Bereavement, the breaking of taboos, ceremonial business, sexuality and fertility, and domestic habits are all potentially sensitive areas in the psychiatric interview in remote Aboriginal communities. The key for the clinician is to firstly be aware of the sensitivities and then to make the patient aware that you are cognisant of the sensitivities. Then seek permission to precede with the topic which is of sensitivity.
Bereavement, known as sorry business, is a very important part of Aboriginal culture. Funerals can involve entire communities, and the expression of grief can include self injury. The grieving relatives may live in a specially designated area, the sorry camp, for a period of time. The relatives may also cut off their hair or wear white pigment on their faces. The community refrains from using the name of the deceased, but can refer to him or her by the name Kwementyaye. People with the same name as the deceased should also be called Kwementyaye. Photographs or videos of the deceased have to be destroyed. It is important for the interviewer to realise that asking about the self injury (sorry cuts), or other physical manifestations of the grieving, will cause embarrassment. Mentioning the name of the deceased or asking ‘Who has died?’ will also cause distress – perhaps even a renewal of the wailing.
Reasons for the death are sought, and this may include sorcery or blaming another individual. Payback (usually through spearing the thigh) is common for the latter case. Consequently there may be anger, fear of payback, fear of further sorcery and so on in people during times of sorry business.
Complicated bereavement does not appear to be referred for psychiatric assessment very often. The single case of complicated bereavement referred was a woman with significant Western influence whose husband had suicided. Her grieving did not have the traditional rituals involved and she was helped by conventional Western grief counselling. For a more traditional person, the help of a Ngungkari would be important.

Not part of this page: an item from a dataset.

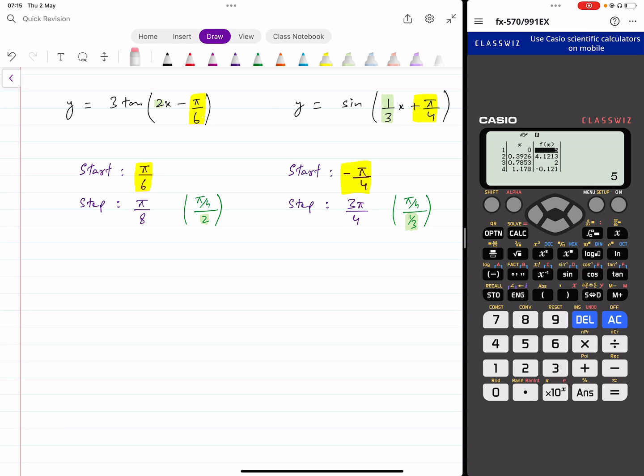That's how you can sketch trigonometric graphs and find the range of trigonometric functions without a lot of thinking. I hope you find this video helpful — if so, make sure you share it with others so more people can benefit. You can also find a lot of other helpful content on my YouTube channel, so have a look and subscribe for more videos like this.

Ceremonial business for initiation of young males into manhood, and for handing down of gender specific songs and stories is a dominant part of cultural life. It is surrounded by very strict taboos. For instance an individual learning about the ceremonial business of the opposite gender can be punished by payback spearing. An Aboriginal individual travelling through areas where initiations are taking place can apparently be punished by death (at least that is the perception). Understandably an interview can come to a sudden halt when the issue of ceremonial business comes up, and the patient and family may fear breaking a taboo. What I have found very beneficial is to ask whether the sudden silence is about ceremonial business and if so ask how, or if, the interview should proceed. This results in a sense of relief in the patient and family, and improvement in rapport due to a sense of being understood. Usually if male business is to be discussed then females and children should leave the interview setting and vice versa.
Encroaching on any area that involves taboos or causes the patient to feel judged may result in shame. When shame occurs it can impede the interview process – the patient may get angry about being judged or feel very uncomfortable in the interview. I found it difficult to recognise shame, but found it best to anticipate it and to bring up the issue of shame with the patient before proceeding any further into the sensitive area, for example, ‘I’m not trying to shame you, but is it OK to talk about your worries about your wife?’ Similarly, if there is a block to progress in the interview, then it is useful to ask the patient if they are ‘shamed’ about something.
Sexuality and marital problems are areas which are likely to produce some shame. Ideally the interviewer should be the same gender as the patient when these issues are discussed, but even then permission needs to be sought before proceeding. Infertility in women is particularly sensitive, and when it occurs it is a devastating loss to the woman but she is likely to be too shameful to be able to discuss the problem. Similarly a ‘wrong skin marriage’ will be a source of shame to the whole family.
The only possible case of anxiety disorder referred to me was a young man recurrently presenting to a community clinic with panic attacks. During the assessment interview he was noticeably quiet and very avoident of eye contact. The interview was totally stalled until the remote mental health nurse, Andrew, asked him if he was shamed about anything. He then visibly loosened up and described how he was in hiding and had fled his home community for fear of payback relating to some sexual misdemeanour.
Questioning patients about their domestic habits can lead to resentment out of the sense of feeling judged. In one community some of the local women were demanding that the DMO be replaced. One of these women, a patient of mine, confided that the reason for the DMO’s unpopularity was that the DMO had asked her about how she cleaned the house, what she cooked and whether she was able to look after the children. Thus inquiries about domestic function, and activities of daily living (ADLs) need to be prefaced with an adequate explanation, for example, ‘I’m not trying to shame you but it will help me to understand your illness if you can tell me what it is like at home’.